Cuando se adentró en la lluvia y abandonó su jardín en dirección a las dunas, volvió constantemente la mirada hacia su casa, como si pudiera prender fuego en cualquier momento si le quitase la vista de encima. Se acordó de su abuelo, que le enseñó a nadar en el mar siendo todavía una niña. Él con sus largas piernas musculosas como los postes de madera del muelle y ella con su pequeño cuerpo reposando en sus brazos mientras chapoteaba contra la dirección de las olas. Desde ese primer día en que le enseñaron a nadar nunca se sintió tan minúscula e inalcanzable al mismo tiempo. Por un momento se preguntó si ese recuerdo, la intensidad del mismo, podría cambiar la mirada de la mujer del retrato. O si pudiera conseguir que aquellos iris negro azabache absorbieran su fuerza para cambiar la amargura inmortalizada en la pintura, que probablemente tenía cien años. Se disponía a desenrollar el lienzo por un momento, pero esa acción le espantó tanto que aceleró la marcha, bajó por las dunas entre las hierbas.
Al llegar al mar sacó las tijeras del bolsillo de su chaqueta. Subía la marea. Las olas acariciaban la espuma que dejaban las anteriores.
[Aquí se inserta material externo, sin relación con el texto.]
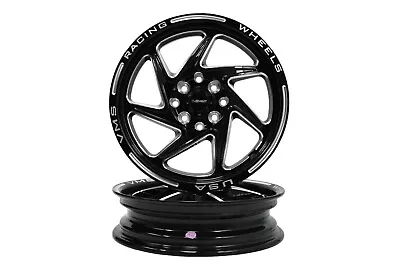 2 15x3.5  Vms Racing Typhoon Skinnes Black Silver Rims Wheels 4x100/4x114 Et10 • $395.15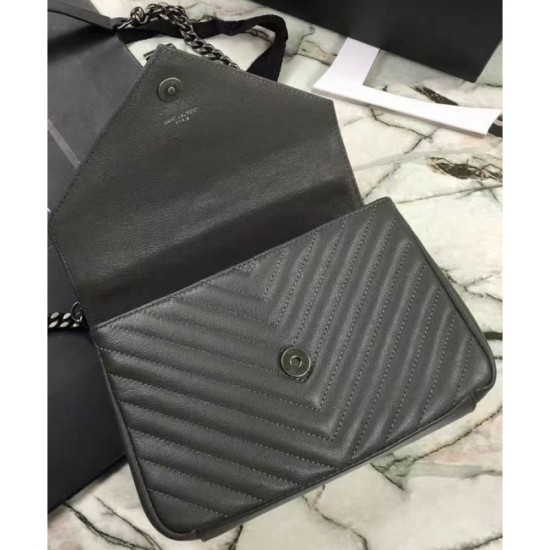 Replica YSL Classic Medium Monogram Saint Lauren College Bag Gray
En sus botas, con el agua hasta los tobillos, pasó las tijeras por la mitad del lienzo, después por la mitad de esta, y después por la mitad del resto. Sujetó las trizas amontonadas bajo el brazo hasta que el cuadro era una especie de pastel en capas que sostenía entre los dedos. Cuando los recortes eran lo bastante pequeños, los arrojó al mar. Se levantó una ráfaga de viento y ella supo, quizá porque oía su estridente graznido cada vez más cerca, que las gaviotas que revoloteaban alrededor de la basura, no lejos de allí, venían a gran velocidad, volarían a ras del agua para inspeccionar si los recortes eran o no comestibles, los cogerían y se los llevarían al vuelo. Algunas partes acabaron en la espuma, otras fueron engullidas directamente por las olas. La boca de la mujer desapareció. Uno de los ojos se alejó flotando. Muchos de los trozos los perdió de vista, como si por una energía apabullante no solo se sumergieran bajo el agua, tragados por el mar marrón verdoso que quería arrastrarlos hacia las profundidades del océano, sino que también se desintegraran por el simple contacto con esas aguas místicas, se convirtieran en polvo, y no solo desaparecieran, sino que nunca llegaron a existir.